Saya dari dulu heran, kenapa pembuktian terbalik dengan logika yang amat terang tidak bisa diterapkan di sini? Padahal, sudah semenjak Renaissance di abad XVIII bangsa-bangsa barat terutama Eropa menggunakannya dalam sistem hukum mereka. Makanya, tak heran sistem mereka –termasuk hukum, politik, dan pemerintahan- jauh lebih teratur.
Pembuktian terhadap penjahat publik ini susah-susah gampang. Intinya begini: apakah yang dimiliki dan dimanfaatkan oleh seseorang itu benar merupakan haknya atau merupakan milik publik yang dikuasakan kepadanya? Dan tidak sulit membuktikannya, cuma perlu matematika ala anak SD saja. Di sini kita jelas menghitung harta milik seseorang yang diduga melakukan kejahatan publik. Karena menurut pengamatan saya, kejahatan publik yang terutama adalah penguasaan atas kapital. Artinya, sifatnya ekonomis.
Dalam penghitungan ini, tinggal lihat saja berapa sebenarnya kekayaan riil seseorang. Ini kemudian akan dikurangi dengan penghasilan seseorang dalam kurun waktu tertentu dari sumber resmi dan teridentifikasi. Sisanya, itulah kapital yang patut diselidiki asal-usulnya. Saya pernah menulis soal jaksa kerabat rekan saya. Agak mengherankan bagaimana bisa pegawai negeri golongan IV A bisa sekaya itu (yang terlihat adalah punya empat rumah dan sekian mobil). Kalau Anda iseng mengamati, silahkan perhatikan dengan jelas betapa banyaknya polisi berpangkat bintara yang setara dengan pegawai negeri golongan II yang memiliki kendaraan roda empat. Padahal, Anda tahu kan gaji pegawai negeri golongan tersebut hanya UMR lebih sedikit.
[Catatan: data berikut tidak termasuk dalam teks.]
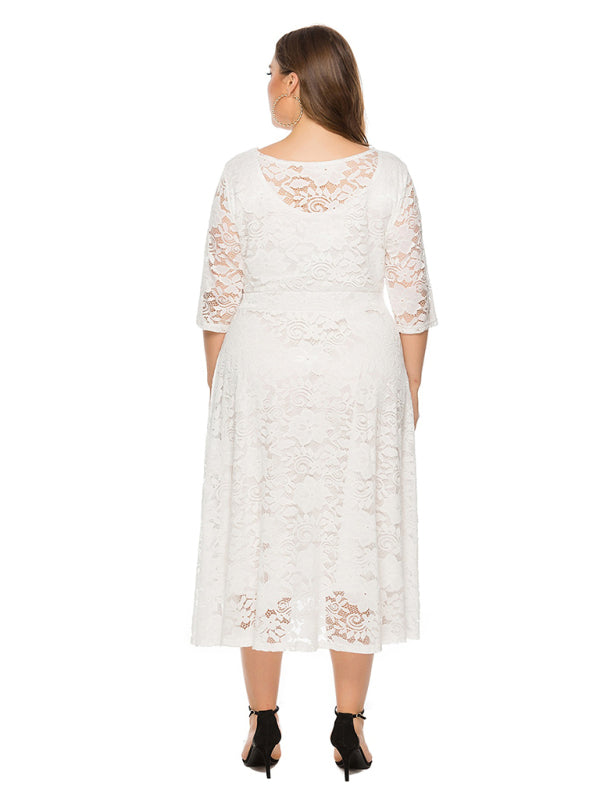 Plus Size Women's New Evening Dress Lace Pocket Bridesmaid Dress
Nah, karena negeri kita ini mayoritas penduduknya ber-KTP Islam, maka bulan Ramadhan ini semua orang beramai-ramai ingin menjadi suci dan bersih ala Islam. Ada ibadah bernama zakat yang terbagi menjadi zakat fitrah dan zakat mal. Zakat fitrah wajib bagi setiap muslim yang sudah akil-balig, sementara zakat mal hanya bagi yang telah meemenuhi nisab atau batas persyaratan termasuk jumlah harta yang dimiliki. Zakat ini hanya bisa dilaksanakan pada bulan Ramadhan. Dan karena ini berkaitan dengan kapital, maka seolah ini adalah cara untuk ’money laundering’. Seolah, dengan berzakat maka harta yang dizakati akan jadi bersih.
Padahal, dalam Islam, bukan cuma penggunaannya yang harus baik, tapi juga asal dan bagaimana cara mendapatkan kapital jelas harus halal dan thoyib. Banyak orang berkelebihan kapital mengira cuma dengan berzakat dan bersedekah semua harta yang diperolehnya dengan cara ’abu-abu’ akan jadi ’putih’. Padahal, zakat itu esensinya adalah mengambil hak orang yang tidak berpunya yang seharusnya memang menjadi tanggung-jawab mereka yang berpunya. Karena kalau tidak diambil dengan perintah, niscaya sebagian besar orang enggan menyisihkan hartanya. Jadi, bukanlah untuk pemutihan harta yang diperoleh dengan menjahati publik.